Land art is an artistic stream of contemporary trends that set aside exposure to museums and galleries. This art showcases nature and the landscape and uses raw materials like wood, earth, rocks or branches, etc. An overview of the subject.
Land art, a creative concept in harmony with nature!
Land art is one of the new trends in contemporary art and emerged in the 1960s. This artistic trend was carried by artists wishing to bring the art out of museums and galleries. This art reflects above all the natural world and the artists intervene on the components of space and landscape. They use natural materials like hay, branches, foliage, or rocks. Most of the time, the works are ephemeral as their installation evolves until they biodegrade over time. Generally, works are done outdoors, subject to natural erosion, and exposed to the elements of nature. This is one of the reasons why some land artworks eventually disappear. Art lovers who do not have the opportunity to see them first-hand appreciate it largely through videos and photos.
Goals of Land art
Land art tries to escape the traditional notions of the exhibition in galleries and museums. Artists want to reinvent forms of expression and places to offer their creations new, urban and natural spaces. They want to launch the principle of installation in nature and simultaneously develop their interest in raw natural materials. Earth is thus the most privileged material with its high symbolism. Land art also offers a new version of the artistic treatment of nature and the landscape. This is at the same time minimal, monumental, and conceptual.
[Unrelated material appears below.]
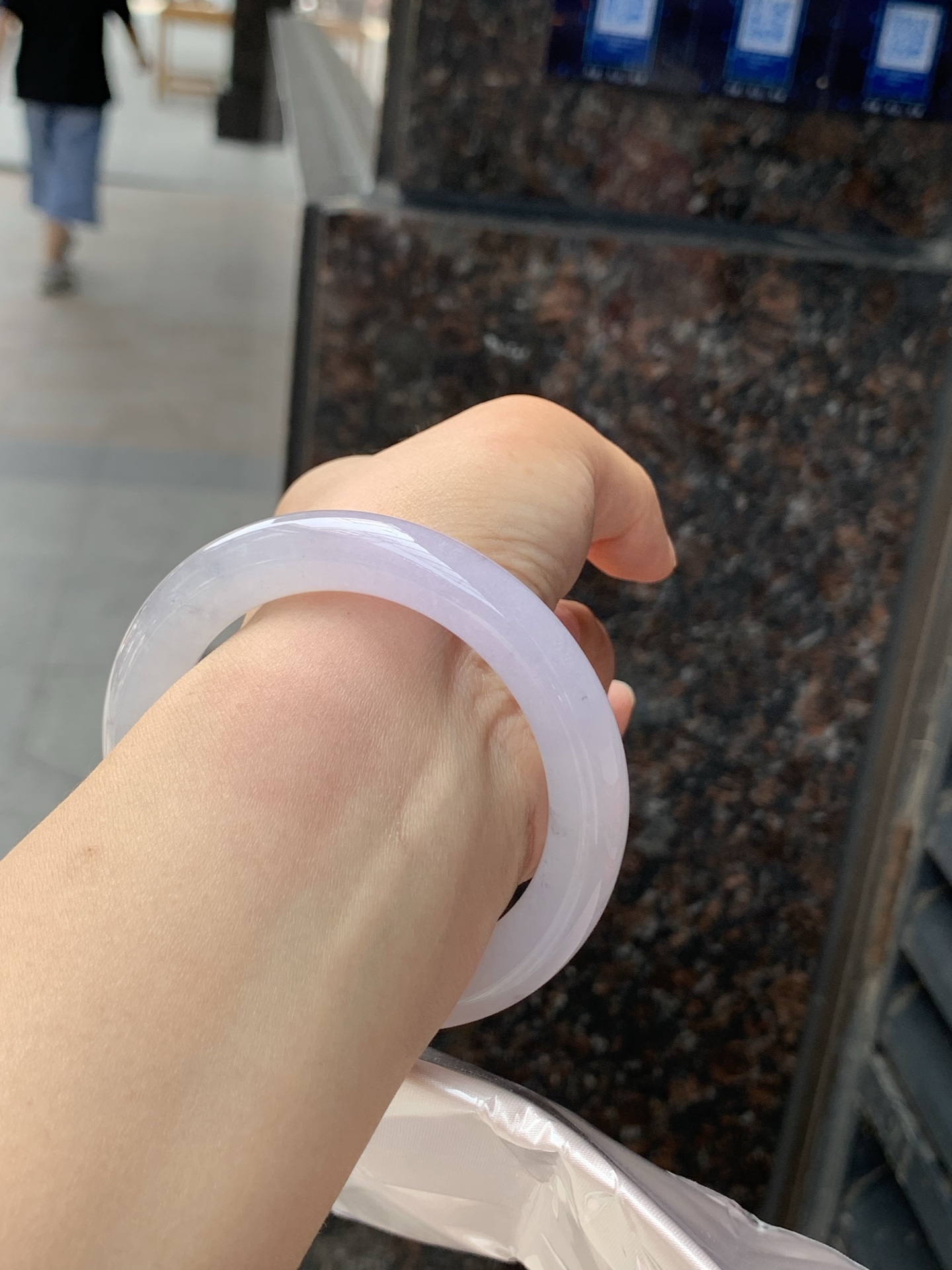 冰紫飘花圆条，54.5-10.7-10.2，0426-118-35，打灯细纹，表皮微扣，底妆冰润清透如初雪，烟紫漫溢若晨曦，翡色灵花随光舞动，似水墨晕染的江南画卷，腕间流转一抹诗意浪漫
The core pillars of Land art
The emblematic artists of Land art are Walter de Maria, Michael Heizer, Richard Long, Robert Smithson, and Nils Udo. These artists intervene in the landscape and modify it in a lasting or temporary way. They are inspired by sacred and archaeological sites and establish an intimate union with nature. Most artists add foreign elements to their works and others simply use existing substances and materials. Walter de Maria, for example, fills the floors of the galleries with a layer of compost and is among the leaders of “earthwork”.